In an equitable distribution state, the court considers many factors when dividing marital assets, properties, and debts. The court can lump all assets together or it may divide individual assets independently. The court will consider up to 11 factors when making these decisions. Some aspects of the 11 factors are detailed below:
● Length of marriage
● Prior marriages
● Age, health, workforce skills, amount and source of income
● Contributions made to the education or earning potential of either party
● Opportunity for each party to make income or gain assets in the future
● Sources of income, including retirement funds or other benefits
● The contributions (or lack thereof) of each party to the marital home (including homemaking duties)
● Value of property of each party
● Standard of living established by both parties during the marriage
● The economic circumstances each party will be left in after the division of property, including tax ramifications and any costs incurred through selling or distributing property or assets.
● Whether a party will be serving as a custodian for any dependents
The court also reserves the right to determine which party is going to live in the marital home. The court can determine that both parties can live there throughout the process. If one of the parties does not cooperate with what the court has ordered, the court reserves the right to enter a judgment or seize property on behalf of the cooperating party.

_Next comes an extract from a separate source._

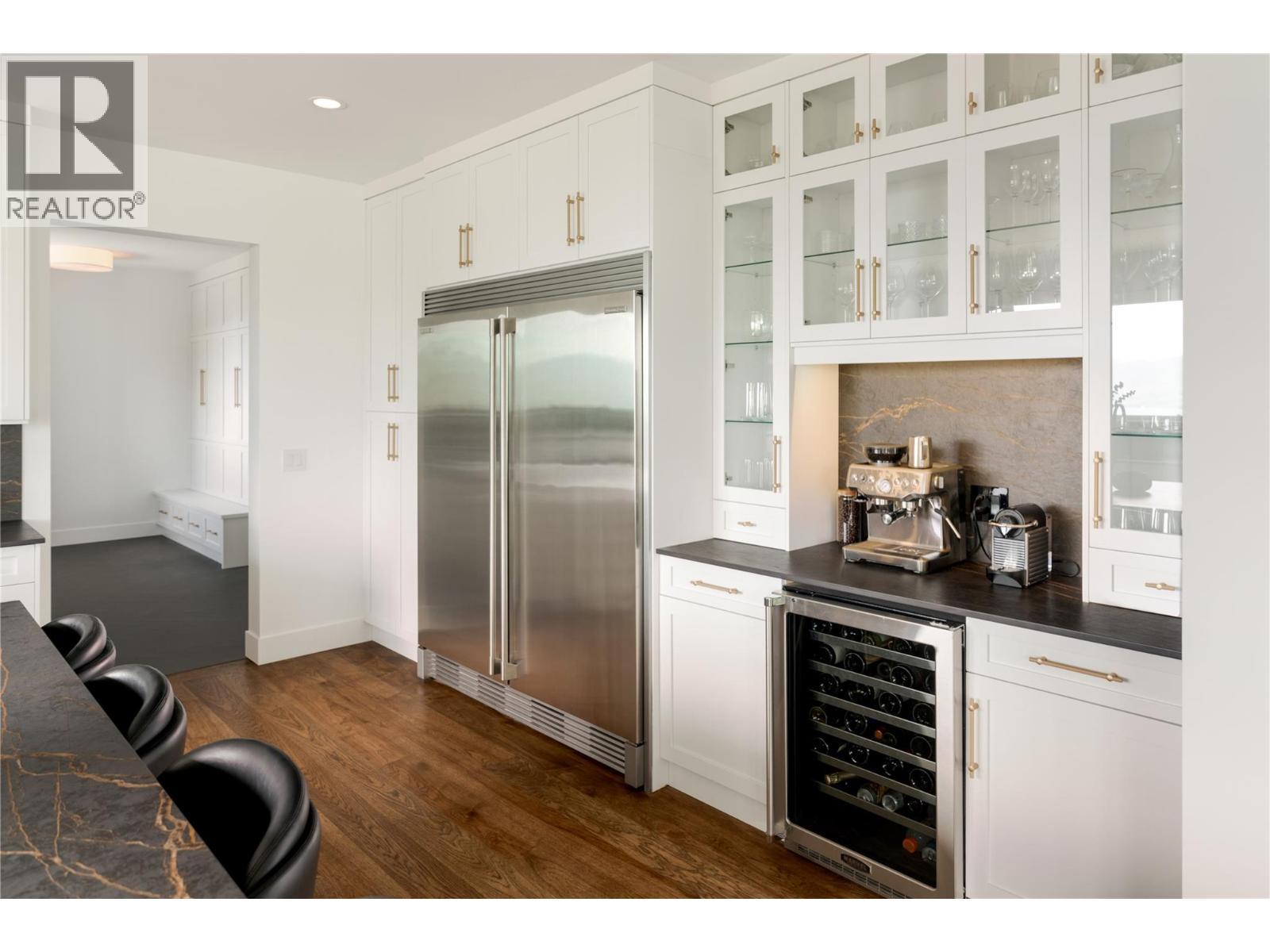172 Skyland Drive, Kelowna, BC - Indoor Photo Showing Kitchen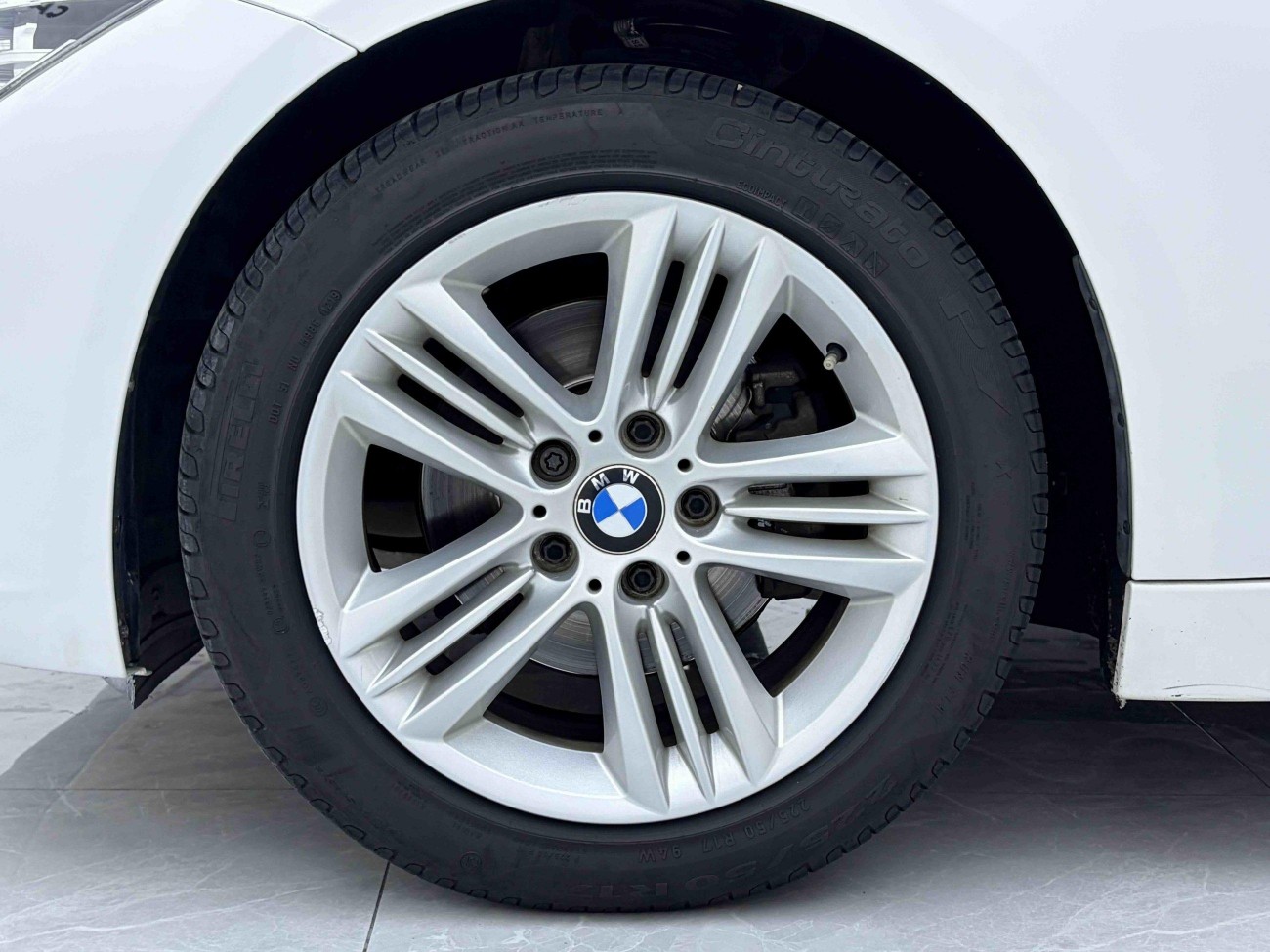 BMW 320Li 2015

In Pennsylvania, there are two types of property to be considered in a divorce: marital property and separate property. Marital property is income and assets acquired over the course of the marriage. Some examples of marital property may include: a home, a car (even if the title is in one spouse’s name), investments, art, retirement funds (401k), etc. Next is separate property, which is income and assets that were acquired prior to the marriage, inheritance left to one spouse, property acquired after separation, and property and/or assets protected by a prenuptial agreement. However, the increased value in separate property gained through the marriage may be considered marital property. For example, a home owned prior to marriage which value has increased over the duration of the marriage; the increased value in money may be considered a marital asset, even if the property itself is not.
Marital debts are also important to consider. Marital debts include any debt acquired from the date of marriage to the date of final separation. This can include debts like mortgages, loans, credit cards, car payments, etc. Individual debts are usually considered marital property. As in, if your spouse racks up a large credit card balance through the course of your marriage, you will be responsible as well. A court will also divide these marital debts as they see fit.
Divorce can be difficult and require you to produce more documents than you could imagine, especially during a possibly emotional time. Keeping organized and taking the time to gather all appropriate documents will help your attorney to put together a strong case in your favor.